** EXTRACTED ENTRIES follows **
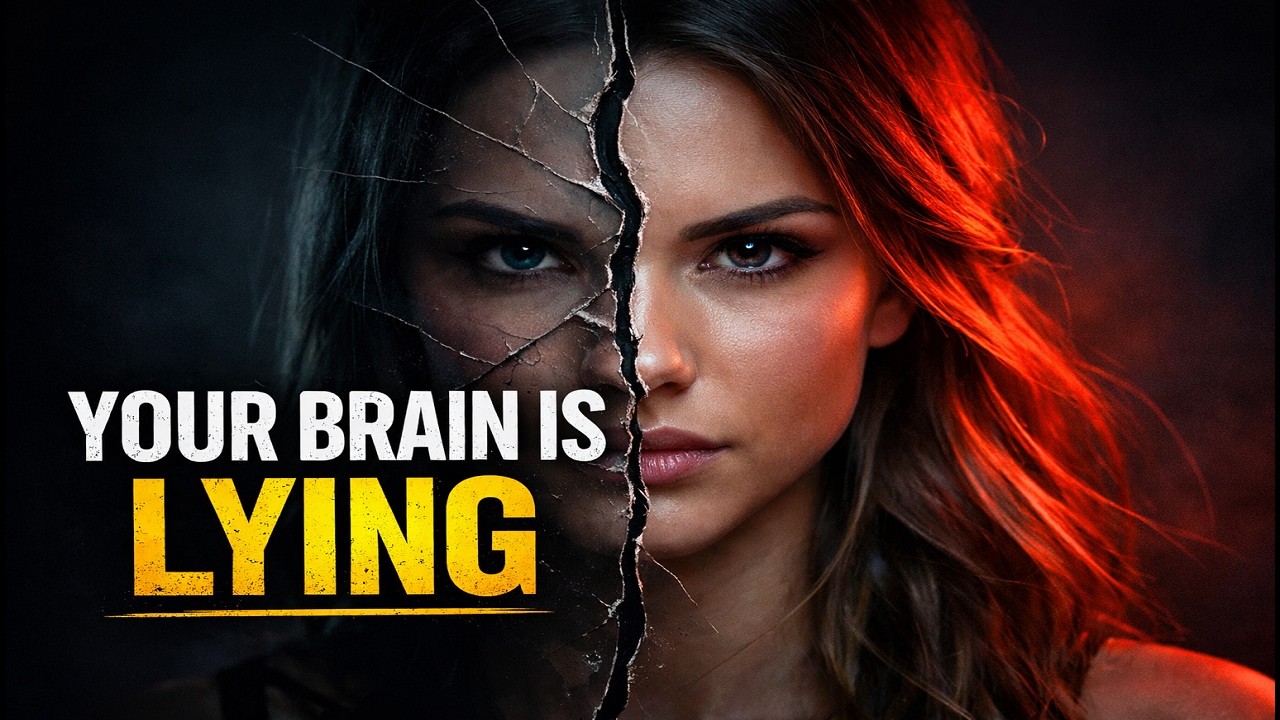 How to Trick Your Brain Into Liking Discipline Carl Jung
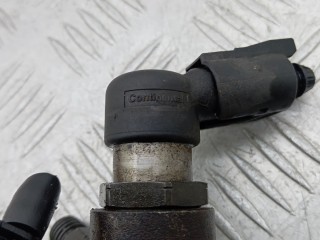 Форсунка дизельная, ориг. номер BK2Q9K546AG, FORD TRANSIT 8 8 2013-2019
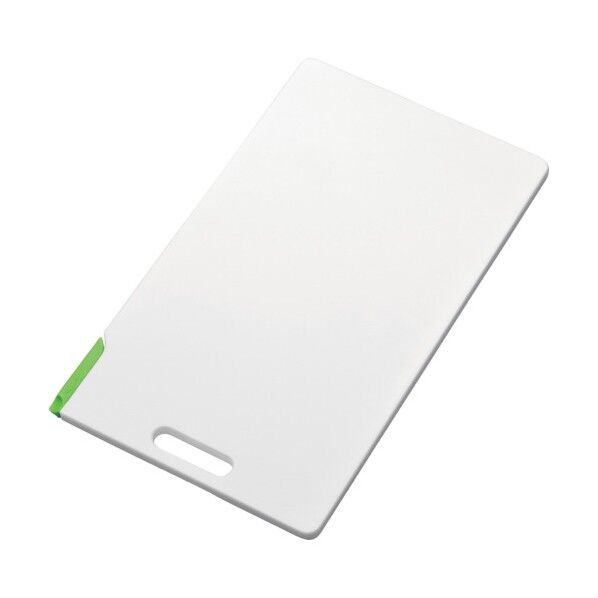 スタンド付シンク抗菌まな板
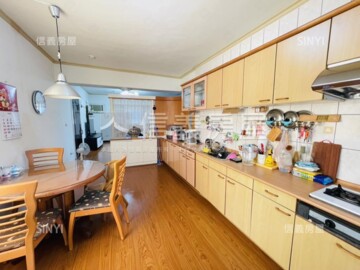 樂屋_萬福金庭2待售房屋 萬福金庭2待售房屋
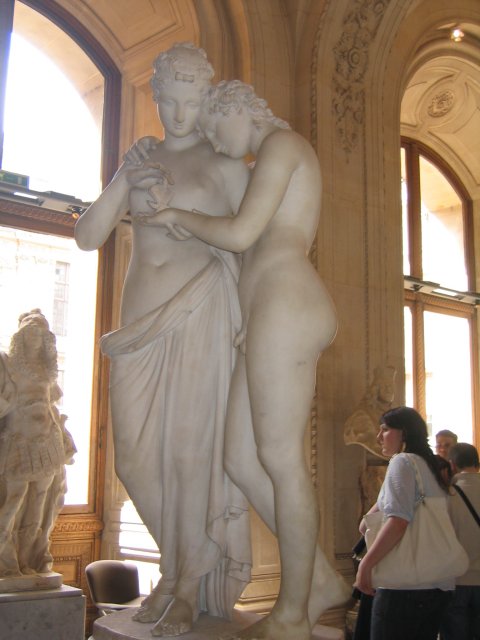 photos_lucie_france_2008 119.jpg
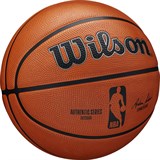 Wilson NBA AUTHENTIC (WTB7300XB07) Мяч баскетбольный - фото 259725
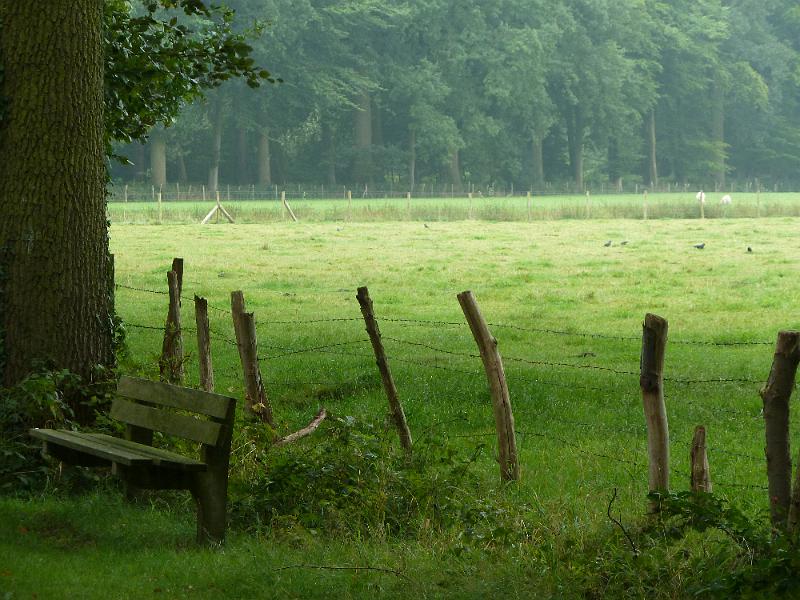 058dag2Tillegem11.jpg - een provinciaal domein te Brugge.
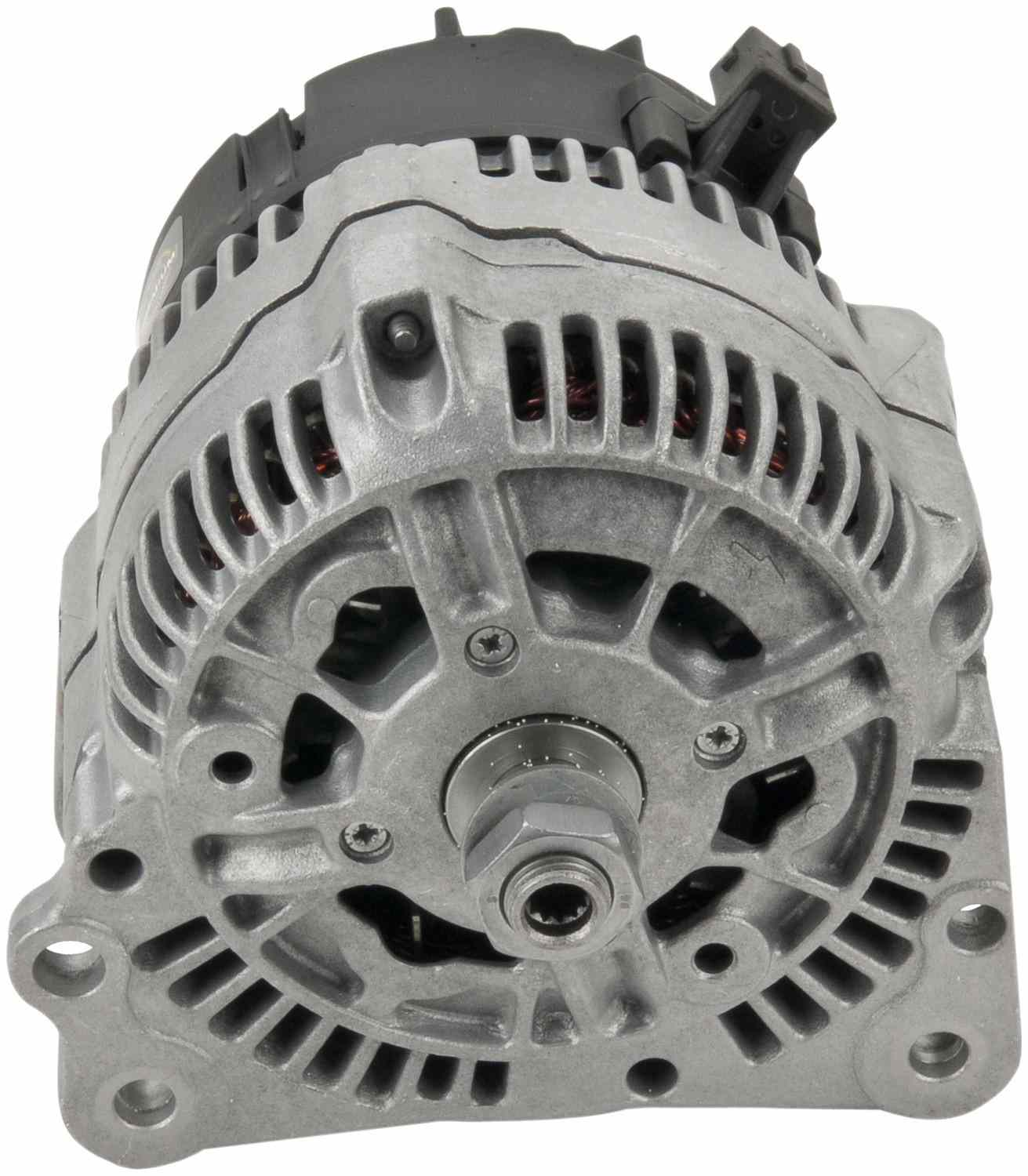 92-03 VW Alternator Rebuilt 1.8,1.9,2.0,2.5,2.8L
** End of EXTRACTED ENTRIES **
WORK REQUEST: When you reach the line that contains "スタンド付シンク抗菌まな板" in the records above, copy it and every line after it exactly through the last one, leaving out the pictures.

WRITTEN SOLUTION:
 スタンド付シンク抗菌まな板
 樂屋_萬福金庭2待售房屋 萬福金庭2待售房屋
 photos_lucie_france_2008 119.jpg
 Wilson NBA AUTHENTIC (WTB7300XB07) Мяч баскетбольный - фото 259725
 058dag2Tillegem11.jpg - een provinciaal domein te Brugge.
 92-03 VW Alternator Rebuilt 1.8,1.9,2.0,2.5,2.8L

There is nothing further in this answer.